Why This Problem Is Hard to Fix

  1. Competitive Tenders Are Losing Effectiveness
    Competitive bidding has long been the go-to method for ensuring price competitiveness. Yet, when suppliers have greater options, tenders become less attractive, and participation rates drop. As a result, buyers struggle to create competitive tension in sourcing decisions.
  2. Speed vs. Rigor
    The demand for faster contract turnaround often leads to shortcuts in review, due diligence, and contract design. This can result in poorly structured agreements that expose the business to risk or fail to deliver long-term value. However, this demands fresh approaches – streamlined process, new thinking about risk management, simpler forms of contract.
  3. Skills Gaps in Negotiation
    The shift from competitive bidding to collaborative single-source negotiations demands a new set of skills. Traditional “win-win” negotiation approaches may fall short in fostering the deeper partnerships required to meet shared objectives.
  4. Limited Tools to Support the Shift
    Current tools and processes are built around competitive bidding models. Transitioning to a collaborative, single-sourcing environment requires rethinking how contracts are designed, negotiated, and managed.
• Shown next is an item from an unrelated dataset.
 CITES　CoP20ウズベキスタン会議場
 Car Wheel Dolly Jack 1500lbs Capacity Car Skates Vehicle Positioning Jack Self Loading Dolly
Accelerating Change and Delivering Value

AI will play a role in enabling CCM teams to transition from outdated processes to faster, smarter, and more collaborative approaches, but that’s not immediate and is not the entire solution. Here are things we must think about changing:

  1. Speeding Up Contract Creation
    Challenging the need for repetitive tasks like drafting, reviewing, and approving contracts, significantly reducing turnaround times. Tools equipped with natural language processing can adapt templates to specific scenarios, ensuring accuracy while maintaining speed, but we also need to simplify contract wording and structure, and question our risk positions.
  2. Market Intelligence and Benchmarking
    We must be more creative in gathering market data to provide real-time insights on pricing, supplier performance, and industry trends. This supports informed decision-making, even in single-source negotiations, by creating data-driven leverage.
  3. Scenario Modeling for Negotiations
    Advanced tools can simulate various negotiation scenarios, helping teams identify the best strategies for achieving mutually beneficial outcomes. This enables negotiators to focus on value creation rather than positional bargaining.
  4. Predictive Analytics for Risk Management
    We must work on how we assess and manage risks associated with single sourcing, such as supplier dependency or market fluctuations, and suggest appropriate strategies. This ensures that speed does not come at the cost of effective governance or due diligence; it creates a triage of contract, governance and relationship management.
  5. Continuous Improvement and Performance Monitoring
    Technology can help us track supplier performance against contract terms, flagging potential issues early and identifying areas for improvement. This fosters long-term relationships while ensuring ongoing competitiveness.

The Opportunity: Embracing Collaborative, Data-Driven Practices

As competitive tenders become less reliable, CCM professionals must adapt. Collaboration, transparency, and innovation will define the next era of contracting. Negotiation skills must evolve from transactional tactics to building partnerships that align goals and create shared value.

AI will steadily become a critical enabler in this transformation, allowing teams to:

  • Work smarter, not harder.
  • Deliver contracts at the speed the business demands.
  • Maintain rigor and competitiveness even in constrained supply markets.

Shaping the Future of CCM

2025 will be a pivotal year for contract and commercial management. The challenge lies in balancing speed with quality, innovation with rigor, and partnership with competitiveness. By embracing collaborative single sourcing and leveraging AI-driven solutions, CCM teams can not only meet these demands but turn them into a strategic advantage.

The future isn’t about doing things faster—it’s about doing them smarter. Are we ready to make the leap?